In practice, hard rules protect reader trust by preventing broken paths, drift, or fake sources of truth. Editorial standards protect reader comprehension by making sure the surviving page is worth reading.

Repository Anchors

Review Standard

Before merging docs, ask:

  • is the reader path obvious?
  • is the source of truth obvious?
  • is the page in the right section?
  • would a pedantic reviewer know what this page is for immediately?

Documentation Smell Test

  • does each diagram have prose that explains what the reader should take from it?
  • can a returning maintainer understand the page without remembering old project history?
  • is the page honest about what it knows and what it does not promise?

Main Takeaway

Atlas documentation standards are not only writing advice.
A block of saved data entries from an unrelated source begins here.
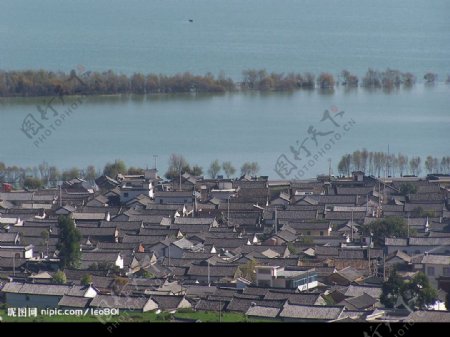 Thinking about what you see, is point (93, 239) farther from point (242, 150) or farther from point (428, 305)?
point (242, 150)

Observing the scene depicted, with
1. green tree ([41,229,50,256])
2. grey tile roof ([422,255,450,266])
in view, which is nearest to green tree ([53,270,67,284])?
green tree ([41,229,50,256])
They are a mix of enforced repository rules and reviewer judgment that together keep the docs spine navigable, truthful, and pleasant to read for someone who did not live through the implementation history.

Purpose

This page explains the Atlas material for documentation standards and points readers to the canonical checked-in workflow or boundary for this topic.

Stability

This page is part of the canonical Atlas docs spine. Keep it aligned with the current repository behavior and adjacent contract pages.